By B.L. Wilson
When you look at the 2015 hacking of the United States Office of Personnel Management, in which the personal data of 20 million Americans was stolen,
Rob Joyce, the new cyber coordinator at the National Security Agency, said anyone who does information technology understands the government needs to put more effort into security and modernization.
“This year, the trend line continues the advantage going to offense,” Mr. Joyce said. The power grid, communications and financial systems are all vunerable to attack, he said. “That’s a scary thing when you think about critical infrastructure.”
The remarks came Friday at the George Washington University’s Center for Cyber and Homeland Security conference on U.S. cyber policy, called “Today’s Challenges, Tomorrow’s Solutions,” co-sponsored by Northrop Grumman. Mr. Joyce stood in for Thomas Bossert, assistant to the president for homeland security and counterterrorism, who was called away to deal with the devastating effects of Hurricane Maria in Puerto Rico.
A May 2017 executive order calls for the strengthening and modernization of government networks against cyber security risks. Critical infrastructure resiliency, Mr. Joyce emphasized, is very important.
“You can’t assume that offense won’t get through the defenses we put up. So you have to have capabilities to find and cover intrusions as fast as you can, minimize and localize the impact of those intrusions and then,” he said, “recover and recover quickly.”
In a wide-ranging discussion with GW’s CCHS Associate Vice President and Director Frank Ciluffo that covered cyber policy, deterrence and the sharing of information with the private sector and U.S. allies, Mr. Joyce explained that major sectors of the infrastructure had priority, such as power grids on which communications, energy and financial services all depend.
Many of these entities involve collaboration with commercial and private industry that have called for more sharing of government information that is often constrained by the intelligence sources and methods government agencies use.
New technology presents both an opportunity and a threat, he said, and the administration comes down the middle in allowing market forces to drive innovations in the Internet of Things, botnets and encryption devices that protect privacy and national security, even though he said he would like to see standards put in place.
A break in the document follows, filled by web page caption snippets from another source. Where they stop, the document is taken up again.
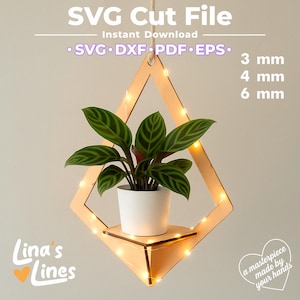 May include: A wooden hanging planter with a white pot holding a green plant with striped leaves. The planter is diamond-shaped and has small lights around the frame. Text on the image reads "SVG Cut File" and "Lina's Lines."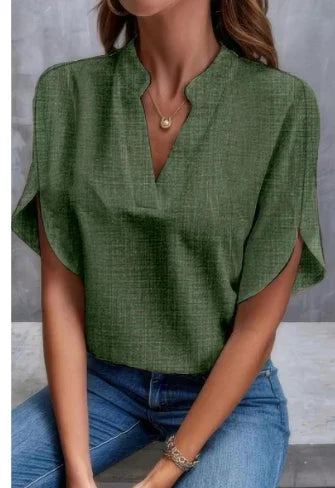 Woman wearing a green textured V-neck blouse with short sleeves and blue jeans, accessorized with gold necklace and bracelet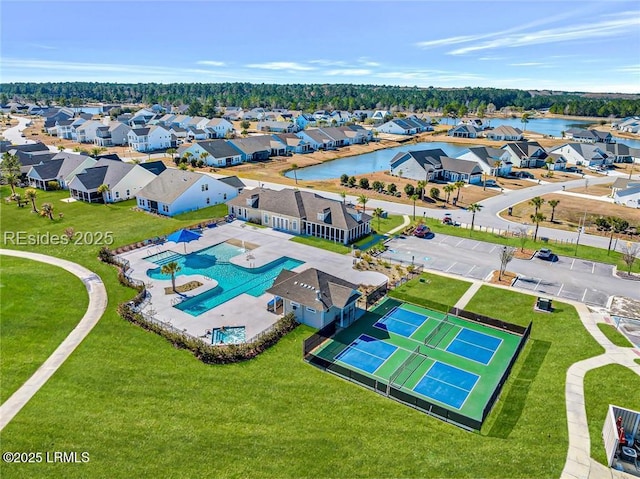 drone / aerial view with a water view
“Strong encryption is good for the nation. We need it for business, our personal privacy, and we need it for protections of the national security side,” he said. That has to be balanced with providing access to information when a court orders it. “There is a really important part for the rule of law.”
As a deterrent, Mr. Joyce said, the U.S. government will not hesitate to impose costs against bad actors beyond U.S. borders. “You will continue to see us indict even when at times we can’t bring people to justice,” he said. “It is a powerful diplomatic message.”
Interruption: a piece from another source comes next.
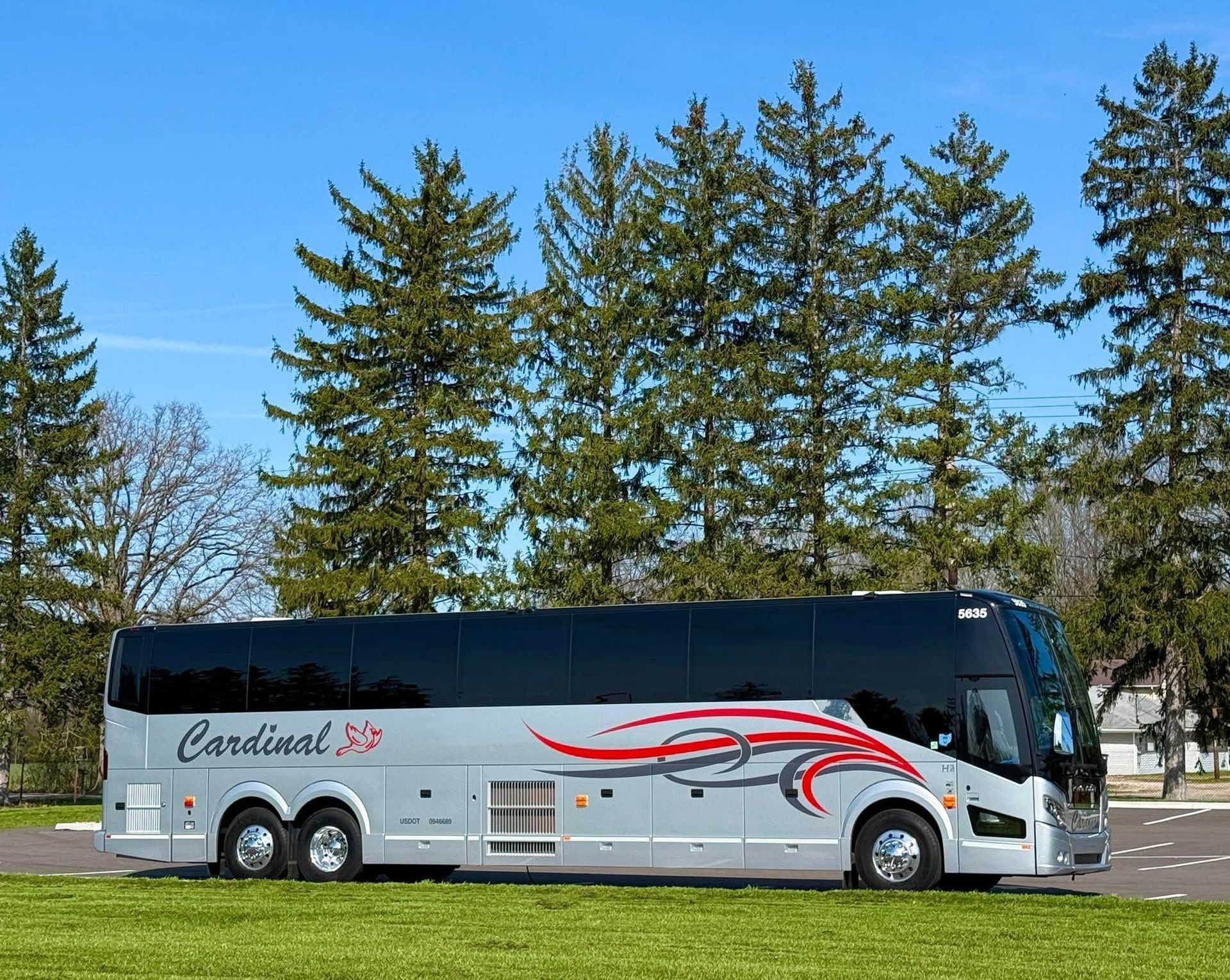 Silver charter bus parked on a grassy area with trees in the background, ready for group travel.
He acknowledged that there is a growing problem with the misuse of social media but is encouraged that companies such as Twitter and Facebook appear to be responding to the threat.
The conversation in the City View Room at the Elliott School of International Affairs was followed by a discussion with George Barnes, the deputy director of the National Security Agency. Mr. Ciluffo noted that the NSA has been “doing cyber long before it was cool.”
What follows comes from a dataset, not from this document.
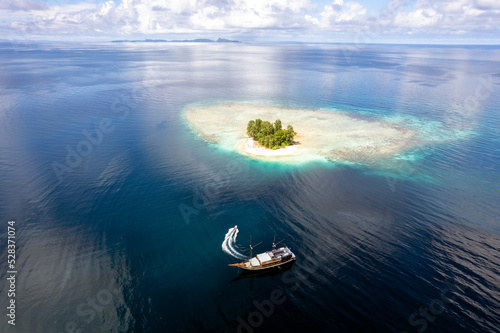 Fototapeta Naklejka Na Ścianę i Meble -  Aerial view a small coral island with Coralia liveaboard boat, Raja Ampat Indonesia.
The NSA is undergoing an overhaul to break down boundaries between its foreign intelligence component and the information assurance authority, which protects against hacking—a separation that Mr. Barnes said created weaknesses.
“When [people like Rob Joyce] went from being on the intelligence side to the information assurance side,” Mr. Barnes said, “a lot of the intelligence stream they had become conditioned to receive just routinely was shut off.”
When Mr. Barnes joined the NSA 30 years ago, he had few counterparts in the commercial sector. That’s changed. However, the United States is not graduating enough people with degrees in computer science, engineering and mathematics at rates comparable to a country such as China.
“It is a national security risk,” he said.
Mr. Ciluffo said that the GW conference made clear cyber security policies need to keep up with constantly advancing technology. “Right now [U.S. security agencies] are behind,” he said.
While the government is catching up, he said, “It should create the right environment to allow the private sector on the front line of this battle to get their jobs done.”